Дальнейший ход событий не только не уменьшил, а скорее усилил скептический его взгляд на современное положение Европы. В 1869 году он писал мне:
«Я стар, я многое видел, и не имею к разуму человеческому большего доверия, чем имел его канцлер Оксеншерна. Я бы хотел ошибаться, но мне кажется, что народы Европы не так скоро достигнут цели, к которой идут. Рабочие классы находятся теперь во власти антисоциальных доктрин и страстей, и рано или поздно между ними и другими классами возгорится самая роковая борьба. То, чего они хотят – неосуществимо, и те бури, которые они вызовут своими требованиями, еще раз заставят наделить власть чрезвычайными полномочиями.

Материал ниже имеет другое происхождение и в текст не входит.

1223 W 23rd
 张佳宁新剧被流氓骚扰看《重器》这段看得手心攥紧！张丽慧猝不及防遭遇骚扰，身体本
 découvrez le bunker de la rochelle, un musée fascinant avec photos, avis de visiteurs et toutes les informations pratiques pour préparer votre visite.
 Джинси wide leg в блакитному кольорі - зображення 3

Зло одно и то же, как в Англии, так и во Франции и в Германии, и нельзя ожидать, чтобы из умов оно не перешло в действие. В этом заключается серьезная сторона положения. Ненависть к богатым стала преобладающим чувствам в городских массах. Эта ненависть громко проявляется и теоретически облекается в самые разнообразные формы, ничего при этом не теряя в опасной своей силе; в конце концов она вызовет своего рода социальную войну, одну из тех гражданских войн которые приводят к диктатуре. Западной Европе предстоит пройти через решительный кризис; дай бог, чтобы она вышла из него более спокойной и более разумной, чем она была до сих пор. Многое мог бы я вам рассказать о современном состоянии Европы, о прогрессе социализма, о недостатке просвещения во Франции среди всех классов, о недальновидности правящих. Но времени у меня сегодня нет».

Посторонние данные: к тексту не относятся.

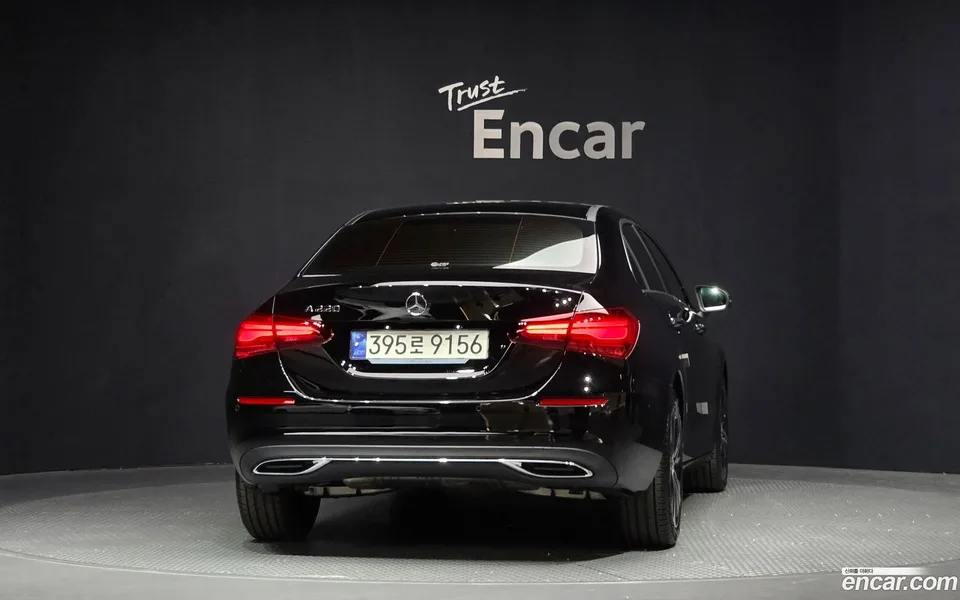Mercedes-Benz A-Class A220 2024 — миниатюра 4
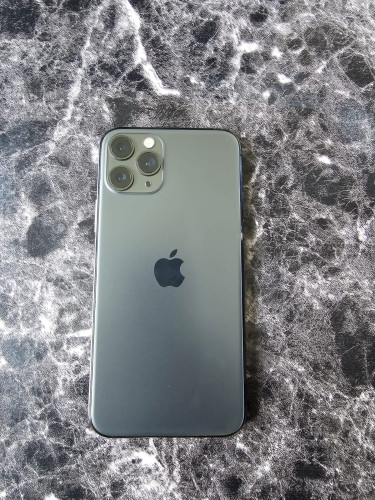 I Phone 11 Pro Unlocked 64 GB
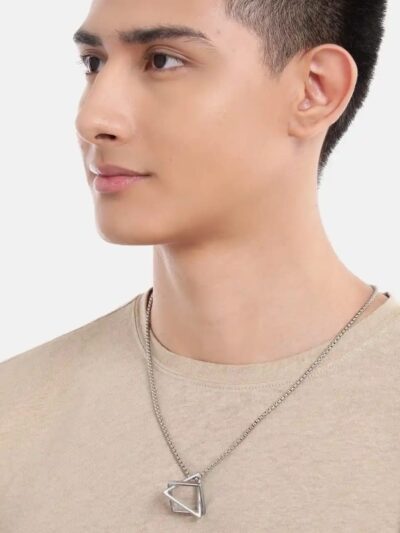 Unisex Star Pendant With Chain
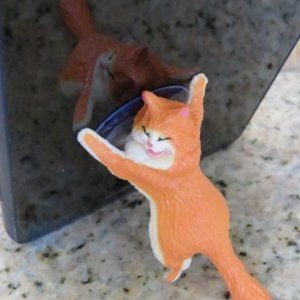 "Host Pick" CAT Cell Phone Stand Orange (F12)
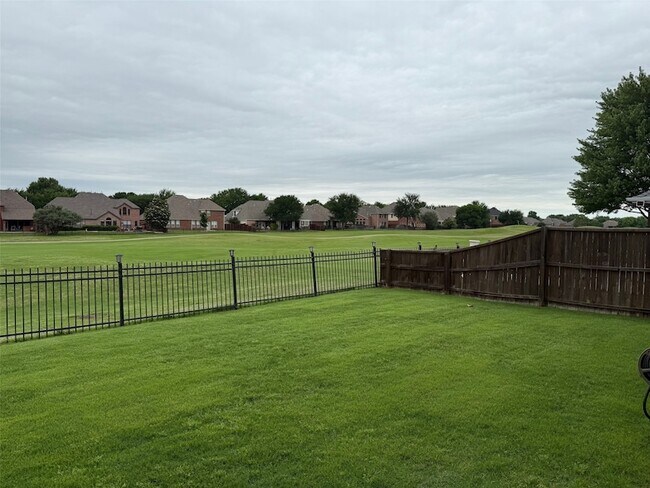 Building Photo - 1420 Somerset Dr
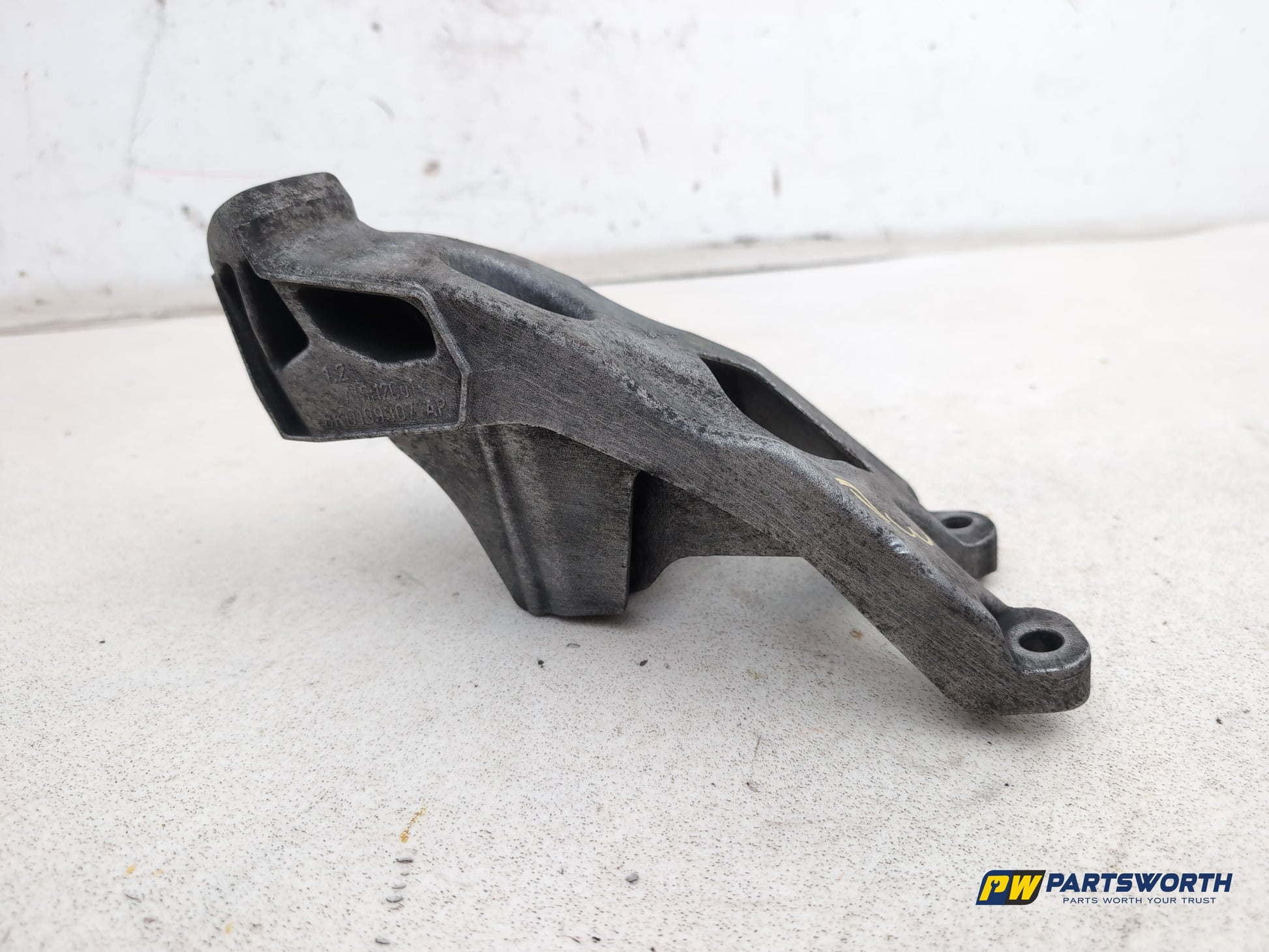 Engine Mounting Bracket 2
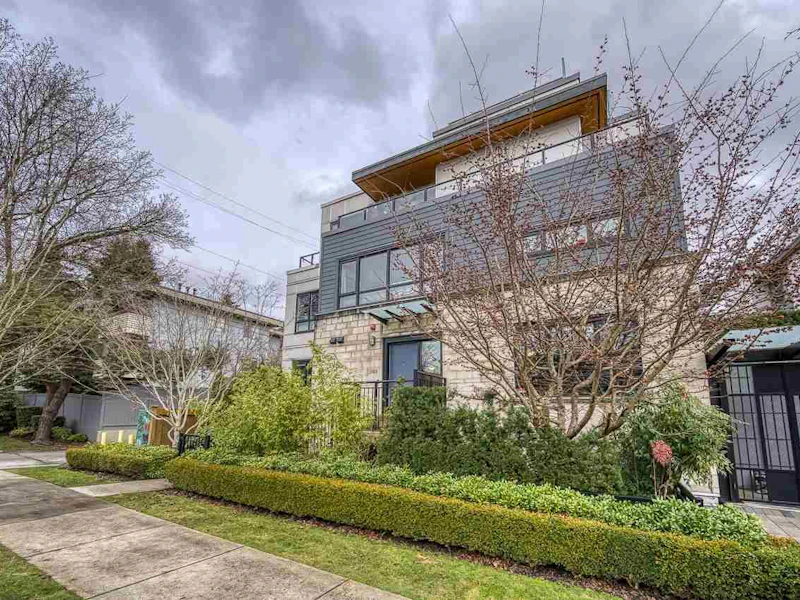 3160 Prince Edward Street, Vancouver BC V5T 3N6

С тех пор прошло двадцать лет и зло только усилилось, и не видно из него исхода. Невежественные массы, вооруженные выборным правом, смыкаются в сплоченные ряды, хватаются за самые наивные теории, и при современной умственной анархии из среды образованных классов раздаются голоса, поддерживающие их бессмысленные притязания.
Из экономистов я продолжал видаться с Воловским и Дюнуайе, познакомился также с Мишель Шевалье, у которого бывал по вечерам. На одном из ежемесячных обедов, на которые меня приглашали довольно часто, я сошелся с Дюпон-Уайтом, с которым скоро сблизился и впоследствии вступил также в переписку. Он был тогда один из немногих, смотревших правильно на деятельность государства и не вдававшихся в одностороннее ограничение его задач. Только теперь его начинают ценить. Мы в этом отношении совершенно с ним сходились; я проповедовал в России то, что он писал в Париже. Когда вышла его книга: L’individu et L’Etat, Катков говорил, что это французский Чичерин. Но ценя его направление и еще более его разнообразный и приятный разговор, я находил в нем, однако, более тонкости, нежели силы. Политические суждения были нередко поверхностны, оценка людей далеко не всегда правильная, и вообще он производил впечатления живого, образованного и тонкого, но несколько легкого ума.